First is IPC virtualization, otherwise known as IPC namespace, contributed by OpenVZ’s Kirill Korotaev and Pavel Emelianov. IPC stands for inter-process communication. This is functionality that enables different processes to create shared memory segments, send messages to each other, and use semaphores. In a virtualized system, you don’t want a container (VE) to see IPC objects from another container.
Second is utsname() virtualization (otherwise known as UTS namespace), contributed by Serge Hallyn from IBM. utsname() returns basic information about the kernel being run (same as displayed by uname -a) — such as the kernel version/release, host and domain names, and system architecture (for example, i686). So, before we had a single utsname structure in the kernel, visible to all the processes. Why do we need to virtualize it? At the very least every virtualized system should have its own hostname. We might want to change other fields, too.

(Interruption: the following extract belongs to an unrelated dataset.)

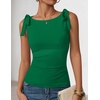 ZESICA Womens Cute Summer Going Out Tank Tops 2026 Y2K Trendy Tie Shoulder Boat Neck Ruch Fitted Shirts(Green)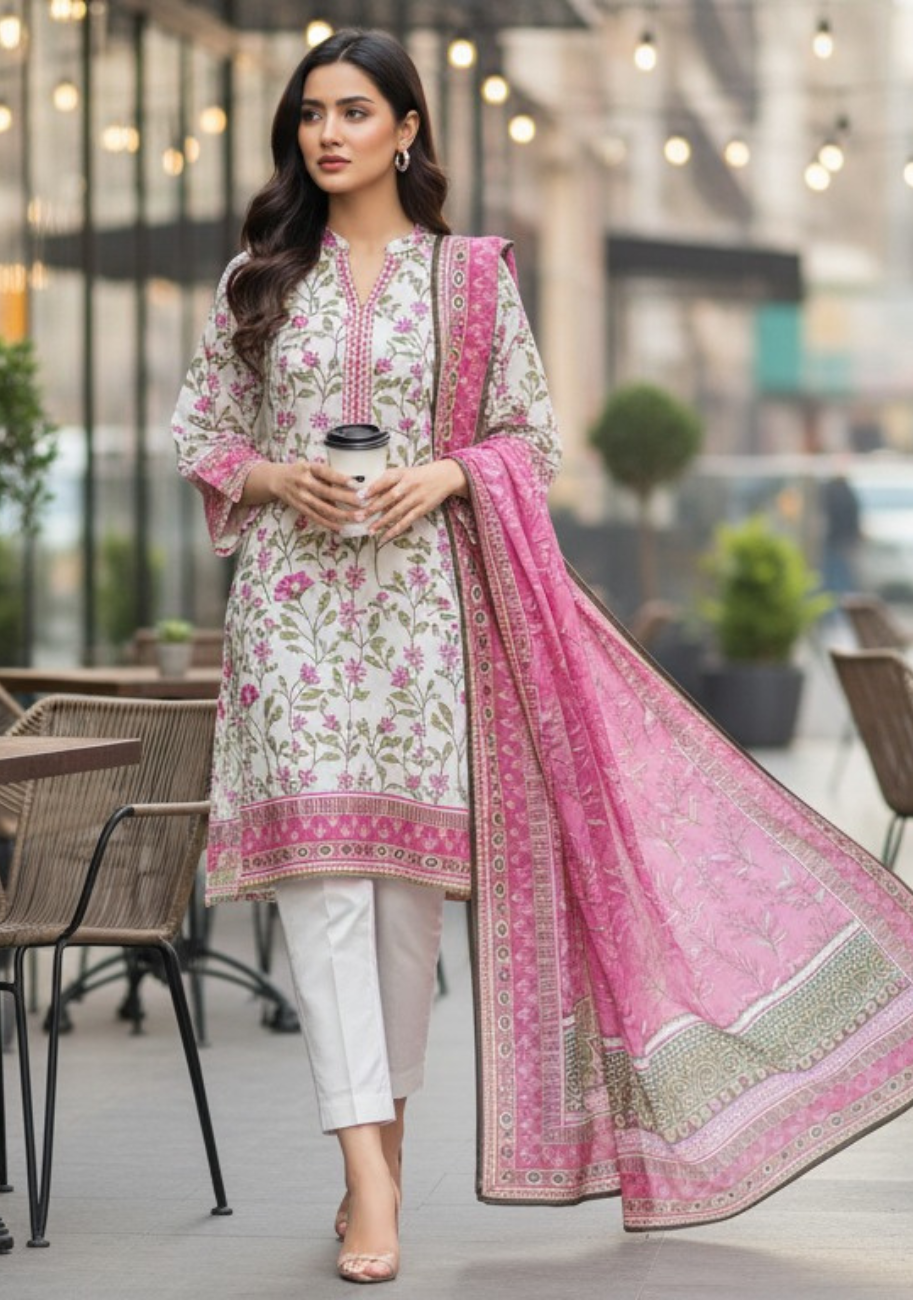 Safina Premium Printed Lawn 3pc Suit Vol-2-D1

Third is preliminary work needed to introduce PID namespaces feature, mostly contributed by Eric W. Biederman (and also some bits from Oleg Nesterov, IBM's Sukadev Bhattiprolu and Cedric Le Goater). Every container (VE) should be able to use its own set of process IDs (PIDs), and should not see another container's PIDs. Eric's approach is to not use pid directly in the kernel, but use a pointer to the struct pid — a structure that could hold both PID and VEID (i.e. container ID). Submitted set of patches cleans up different places in kernel where it uses PID directly, to switch to struct pid.
I am really happy it is a community work and a community process (like I said before). We see different parties bringing in code and expertize, reviewing each other's code, making suggestions, exchanging ideas and improving things — to everybody's benefit!
These are just the first steps. Much more is needed to have full OS-level virtualization in the mainstream Linux kernel. Don’t worry — we are already working on that. A few days ago Kirill sent another iteration (v5) of beancounter patchset for further review and possible inclusion. Beancounters can be used to implement per-VE limits and guarantees for certain resources such as memory.